I ended up with a hobby breeder whose dogs are in her house. One litter at a time. The pups had an outdoor x-pen area shaded by trees. The indoor whelping box was very clean, as was the outdoor area. I couldn't be happier with my beautiful pet golden whom I'm convinced is really part angel!


----------



## Griffyn'sMom (Mar 22, 2007)

I prefer the hobby breeder scenario - in fact Griff came from the same breeder as Sunny. While she is not a computer person - everytime I've emailed her she has gotten back to me within the week. If I had the need to call her I have no doubt that she would call me back right away. She doesn't over breed her dogs and she's content to have 1 litter a year and enjoys them 

Sunny's Mama is retired and I'm pretty sure Griff's Mama is too. She did keep one female from the repeat breeding. (Same Sire/Dam as Griffs)


----------



## AmbikaGR (Dec 31, 2007)

chesneygirl007 said:


> I called a breeder up in Northern NJ and he wanted $3500 for the dog. Its was an English Litter.


WOW!! Sorry but unless this is breeding of a VERY special boy from VERY limited frozen semen there is no way anyone could justify this price in my eyes. And I don't care what the "market" will bear. This is just plain greed taking advantage of a very uneducated public.


----------



## paula bedard (Feb 5, 2008)

this is all very interesting. My breeder is in Maryland and the pups are $1500. We were supplied with all information and clearances of both parents and the grandparents. Hips, elbows, eyes, heart, thyroid. I liked the conditions at the Kennel and the open door policy with the Breeder. We were invited to visit the litter as often as possible to get to know the pups and parents. They had a PuppyCam set up too, so we could see the pups online. All this made us very comfortable with our choice.


----------



## Sunny Delight (Mar 10, 2007)

paula bedard said:


> this is all very interesting. My breeder is in Maryland and the pups are $1500. We were supplied with all information and clearances of both parents and the grandparents. Hips, elbows, eyes, heart, thyroid. I liked the conditions at the Kennel and the open door policy with the Breeder. We were invited to visit the litter as often as possible to get to know the pups and parents. They had a PuppyCam set up too, so we could see the pups online. All this made us very comfortable with our choice.

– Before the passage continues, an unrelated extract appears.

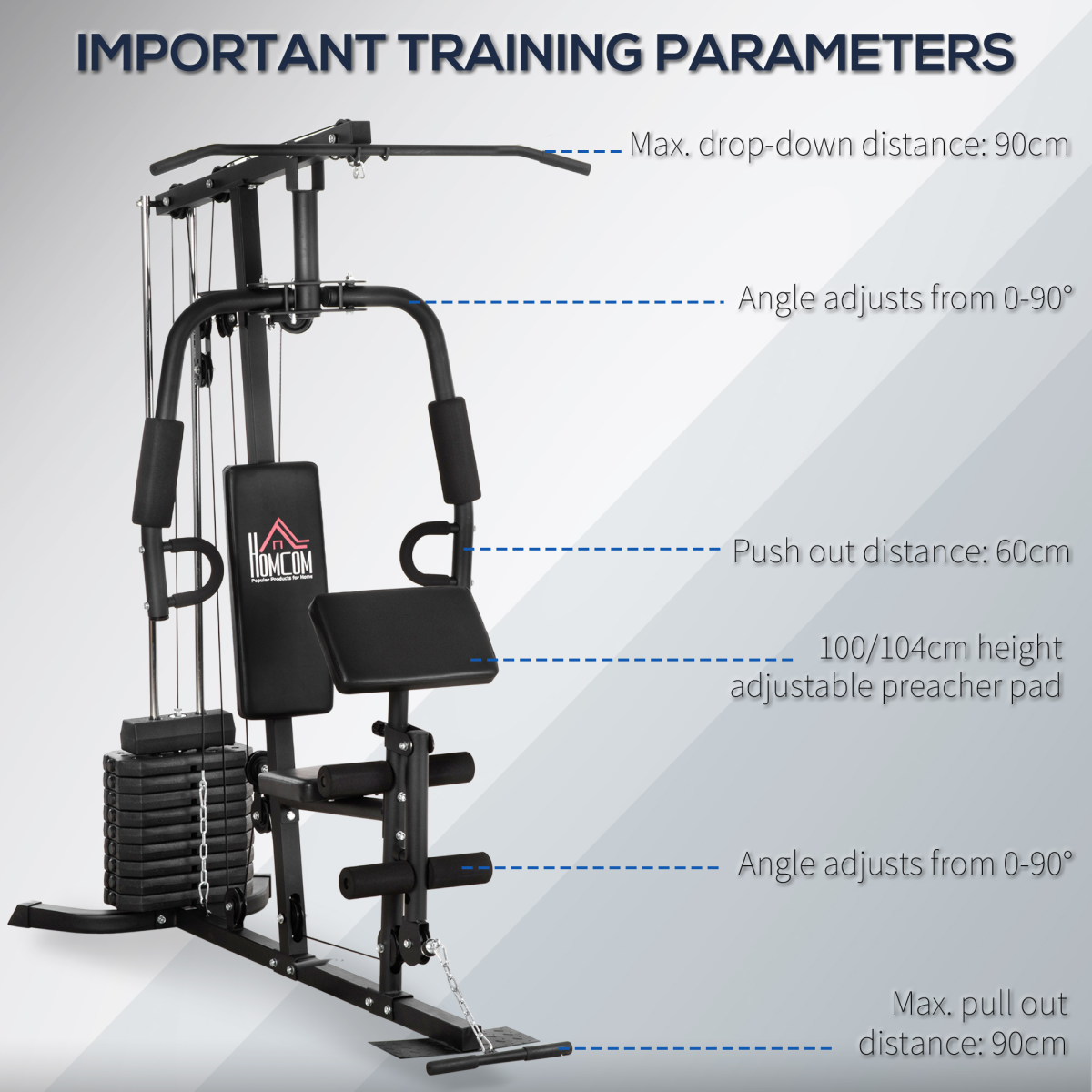 Multifunction Home Gym Machine with 45kg Weight Stack, for Full Body Workout - Image 6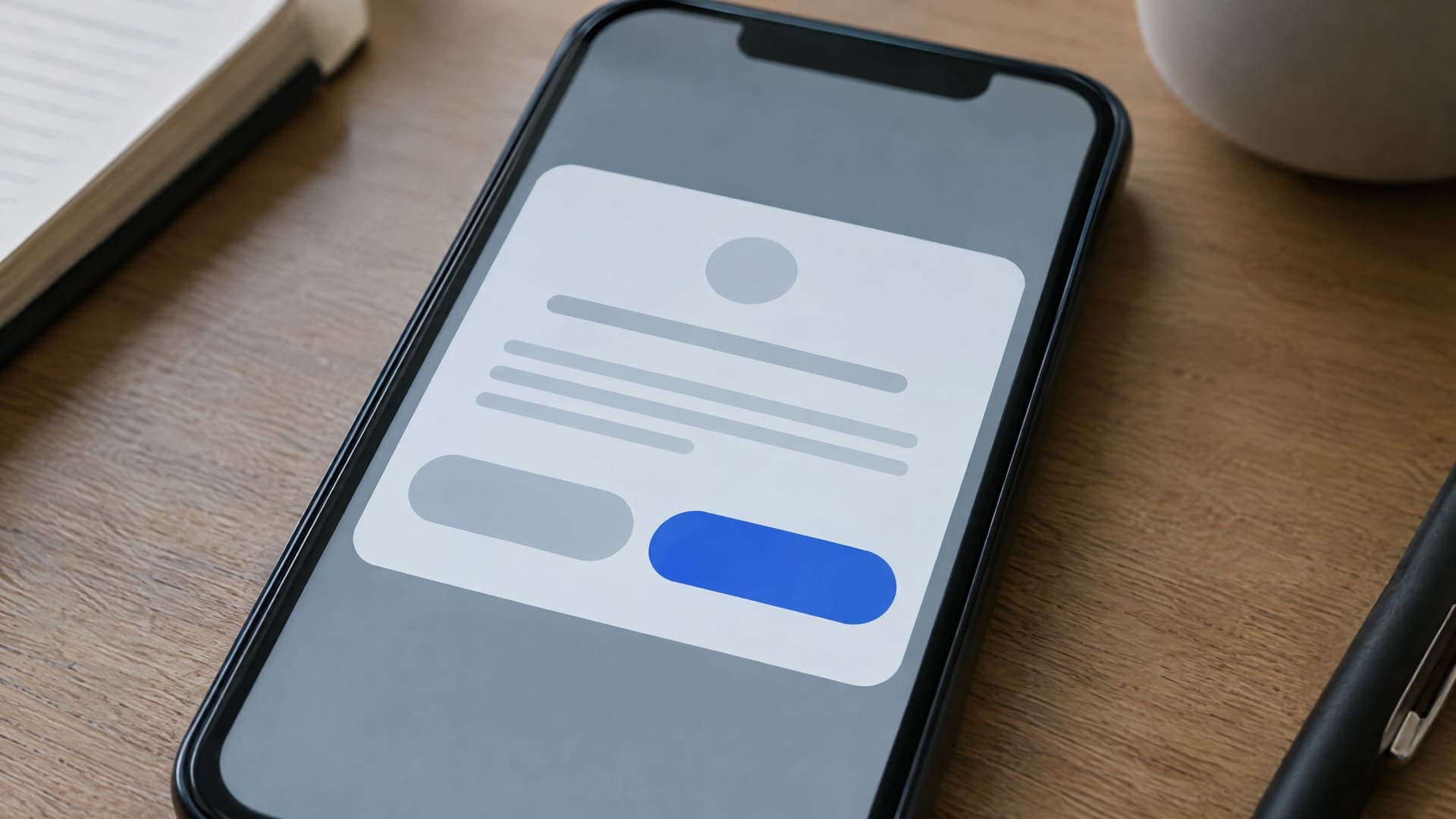 Smartphone auf einem Schreibtisch, das ein abstraktes Einwilligungsfenster aus zwei Schaltflächen und grauen Textzeilen zeigt, keine lesbare Schrift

A puppycam sounds cool! But I'm afraid I would be sitting in front of the computer 24/7 until the pup came home with me!


----------



## paula bedard (Feb 5, 2008)

Sunny Delight said:


> A puppycam sounds cool! But I'm afraid I would be sitting in front of the computer 24/7 until the pup came home with me!


ummmm excuse me, but I think we are already!!


----------



## Sunny Delight (Mar 10, 2007)

paula bedard said:


> ummmm excuse me, but I think we are already!!


I was gonna say something like that in my post, but decided that even with my current addiction, I am still not here as often as I would be if I were watching a litter of adorable goldens growing up!


----------



## lgnutah (Feb 26, 2007)

AmbikaGR said:


> This is just plain greed taking advantage of a very uneducated public.


Greed. 
Isn't that what was behind the huge run up in housing prices we saw in the past 15 years?


----------



## Murphy1029 (Jan 8, 2008)

chesneygirl007 said:


> I called a breeder up in Northern NJ and he wanted $3500 for the dog. Its was an English Litter. I also know of someone in the ocean count area that charges $2000 for her english litter and sometimes more if the puppy is a little older.
> 
> Kim
> NJ


I think I called the same breeder-Besides the price he wasn't very pleasant when I spoke with him.


----------



## Coffee'sDad (Mar 10, 2008)

chesneygirl007 said:


> I called a breeder up in Northern NJ and he wanted $3500 for the dog....


I called room 871 at the Mayflower Hotel in Washington, D.C..... the guy wanted up to $5,500!!!!!


----------